24 February 2010
Book Review: The Knife of Never Letting Go
Author: Patrick Ness
Genre: YAL, SFF
Buy | Borrow | Accept | Avoid
Todd Hewitt lives in Prentisstown, a strange place where all the men can hear each others' thoughts. They call this the Noise, an ever present stream of over 100 consciousnesses pouring out into the world and into the minds of the rest of the town. And the women..well, there are no women. When Todd was just a baby, all of the women in town died. The cause, so they say, is the same virus that brought about the Noise.
One day while walking in the woods, Todd comes across a presence...a silent presence, and this silence weighs on him heavier than the noise. But silence isn't supposed to exist. What other lies are the men of Prentisstown telling?
I have absolutely no idea how to talk about this book without spoilers. Every moment in the book is rife with possibilities, questions, and excitement. My mother, not the biggest fan of YAL, said she loved the story because it never stopped, and I completely agree. I could not stop reading; every turn of the page brought on a deep desire to see the next. And when I finished, I could not wait to get my hands on the second in the series.
Unfortunately, I was on vacation at the time, and apparently Ft. Myers Beach does not believe in bookstores. On the way back to my grandparents' house, I tried to convince them to turn around and go back to a Books-a-Million I had seen at the last exit, but I was met with eye-rolls and sighs. The moment we got back to the house, I drove to the nearest Barnes and Noble, and wouldn't you know it, they didn't have it. The next day I found it at a local mall. I immediately started reading.
Spoilery stuff: From the moment I read that Noise affected men but not women, I could see where things were heading. For one group of people to be so exposed to another group, while that group retains privacy, would be barely tolerable. And when you throw in the "natural" tendencies of men and women to be in conflict anyway, the situation has the potential to explode. In a situation like this, I can see events unfolding in one of two ways. Possibility #1 The women realize their power over the men and subjugate those they can easily read and control. Possibility #2 The men realize the power women have, fear it, fear them, and revolt. You can guess which way Prentisstown went. Either way, the issue is one of difference. People band together against groups that differ in some way.
I'm reminded of this horrible video new employees had to watch at my job. In it, there were penguins and more flashy birds. These two groups didn't like each other, and the more staid, conservative penguins were dominant. --At this point, I thought the video was going to be about diversity being beneficial and people learning how to work together.-- Then the community is threatened by wolves which live in the lands surrounding the birds' area. Of course the penguins and the flashy birds suddenly get along. --In other words, diverse people can learn to get along...as long as there is a third group to band against. What a terrible lesson!

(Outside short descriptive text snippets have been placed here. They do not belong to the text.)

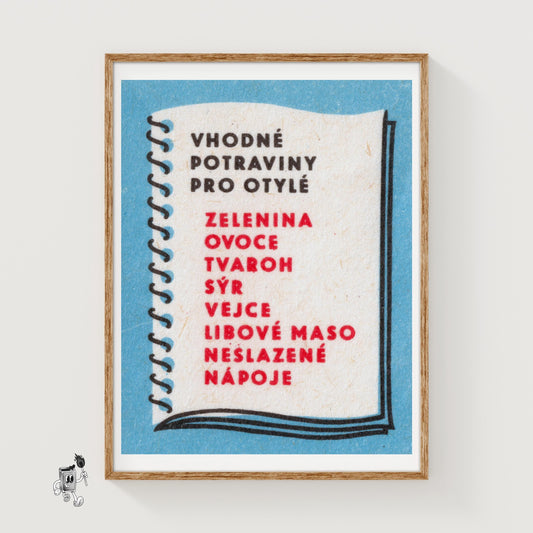 Text Czechoslovakia Mid-Century Matchbox Label - vintage matchbox label print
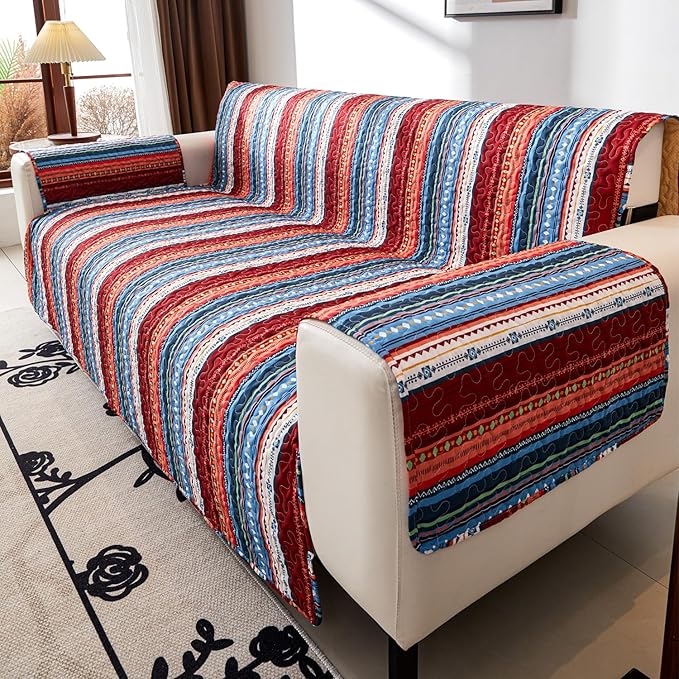 EVENHUG Boho Loveseat Sofa Cover Sofa Slipcover Washable Couch Cover 2 Cushion Sofa Furniture Protector Cover with Elastic Straps for Pets Kids Dog Cat (Loveseat)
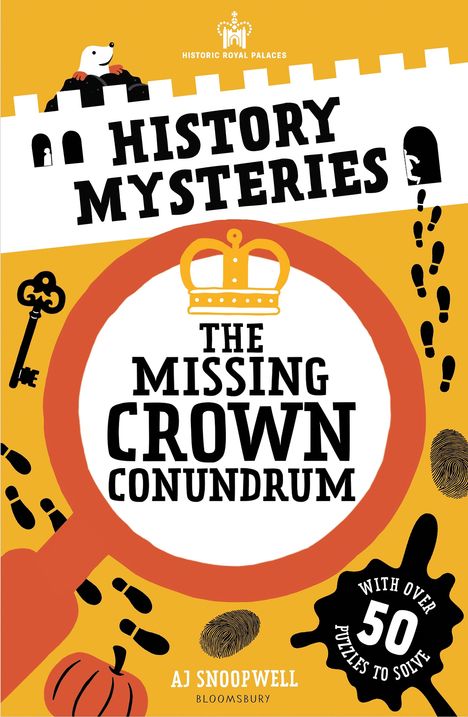 „History Mysteries: The Missing Crown Conundrum“, Illustration mit Lupe, Krone, Fußspuren und Schlüssel.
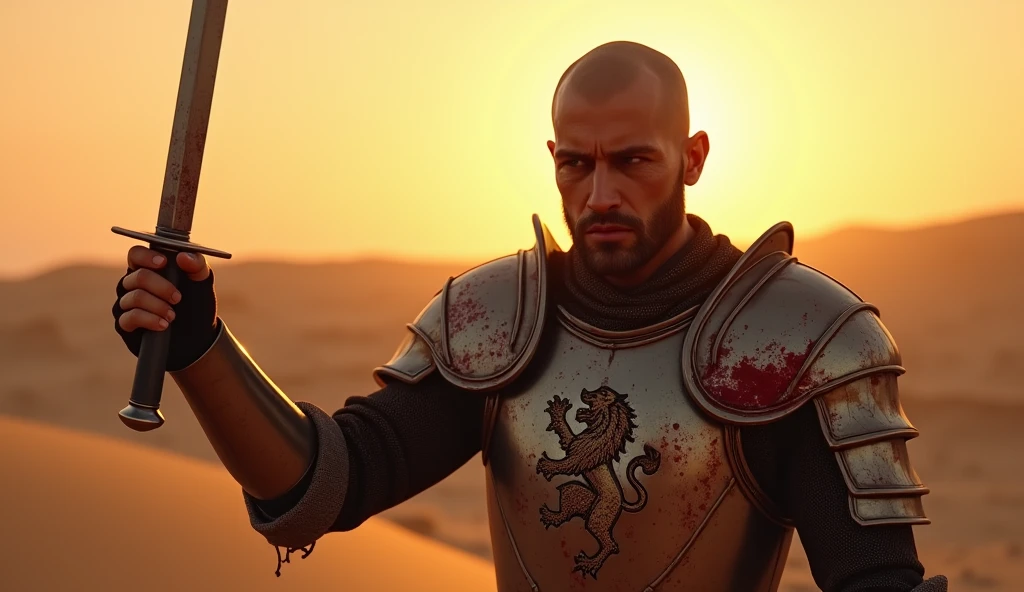 A highly realistic, high-contrast, 8K HD, detailed, hyper-detailed image of Tadakoro, a medieval knight with a shaved head, raising a small knife in a fierce and determined strike. Tadakoro is dressed in steel armor, featuring the exact lion emblem as shown in the provided image, prominently displayed on his chest. The scene takes place in a desert at sunset, where the golden hues of the setting sun illuminate the barren landscape. The atmosphere is intense, with Tadakoro's face reflecting pain and resolve as he wields the knife. The armor, with the lion emblem clearly visible, is splattered with blood, adding to the raw emotion and drama of the moment. The knife itself remains clean, free from any blood. The image is of the highest quality, with ultra-high resolution, RAW photo quality, and Unreal Engine rendering, capturing the essence of Tadakoro’s struggle and determination.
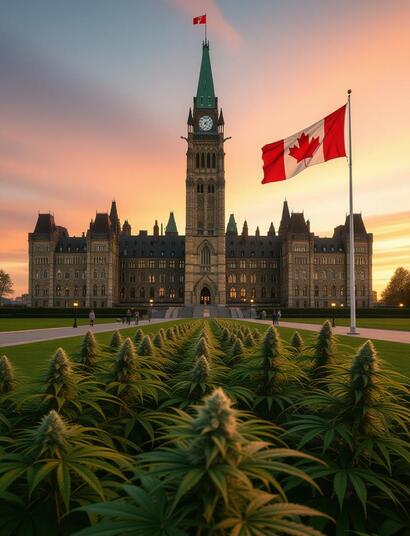 Parlamento de Canadá con bandera y hoja de cannabis simbolizando la legalización y el avance social hacia la regulación del cannabis recreativo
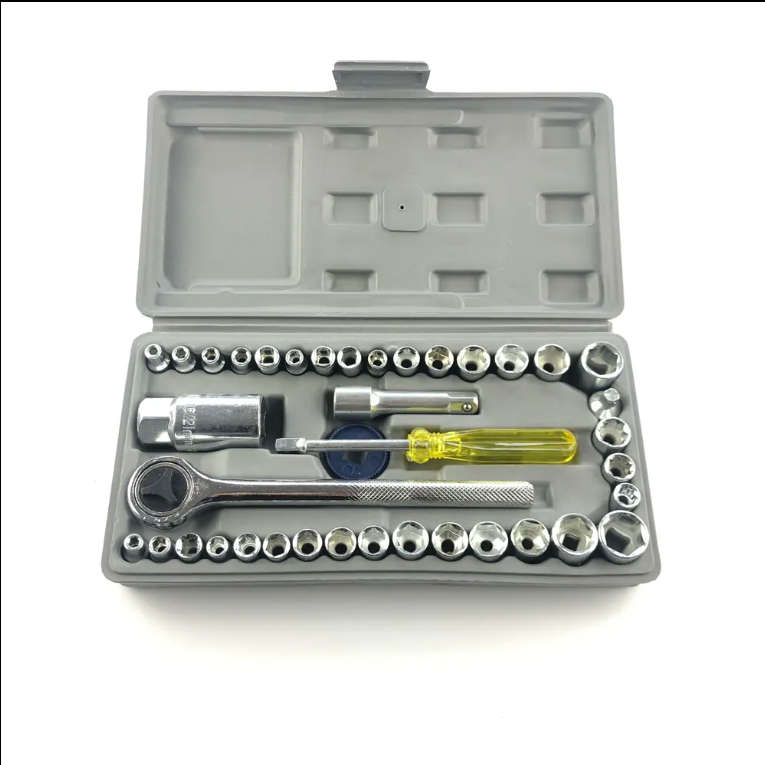 1/4" 3/8" sae and metric aiwa 40pcs combination socket wrench set
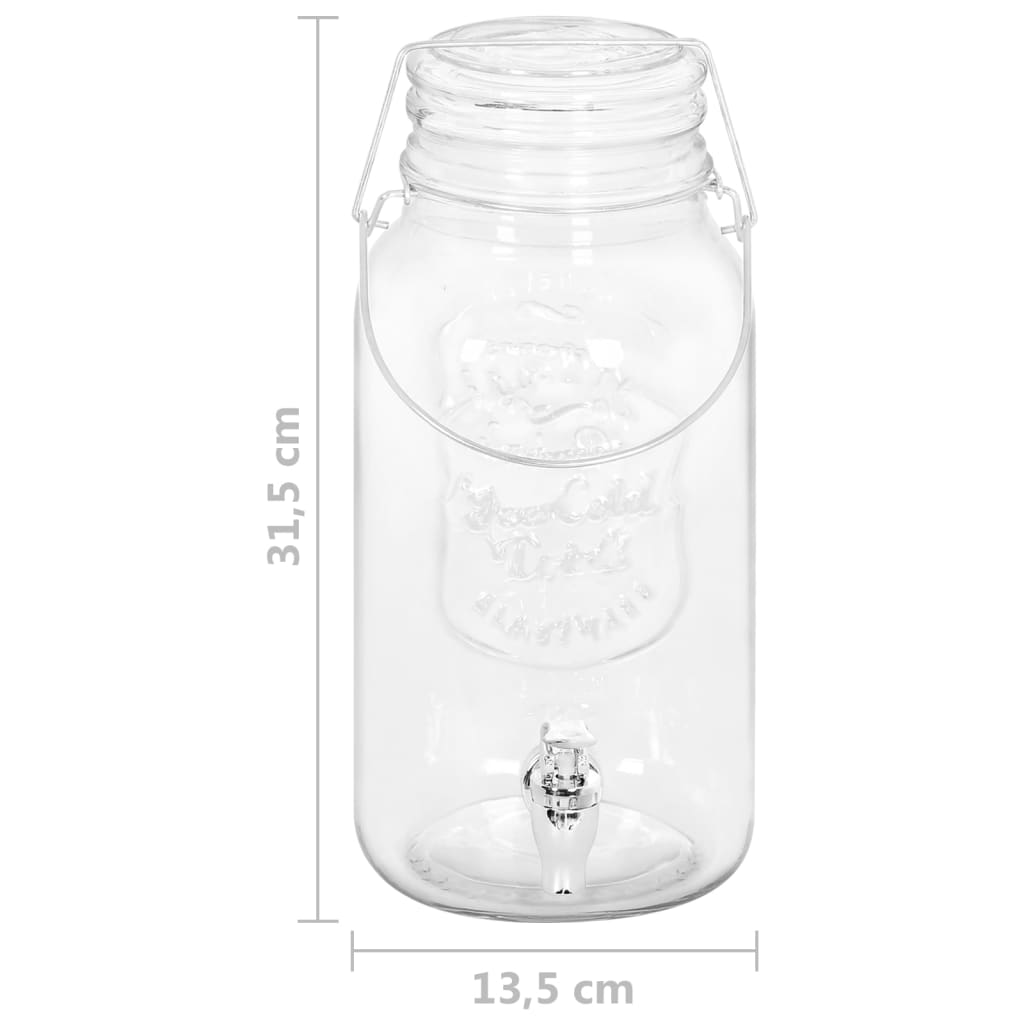 2 db üveg italadagoló 3800 ml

Anyway, this is getting long winded, isn't it?
Icing on the cake
Todd's parents are no longer with him in the story, and he is being raised by Ben and Cillian, two men whom I choose to believe (and I think this is well supported) are in a romantic relationship. Homosexuality is not mentioned anywhere, but the emotion between the two and the familial feel among the three heavily indicates such a relationship. While I appreciate books that directly address the issue, sometimes it is very satisfying to read a story where it is present but never mentioned: it normalizes the relationship, demystifies it, makes it less "important", a non-issue.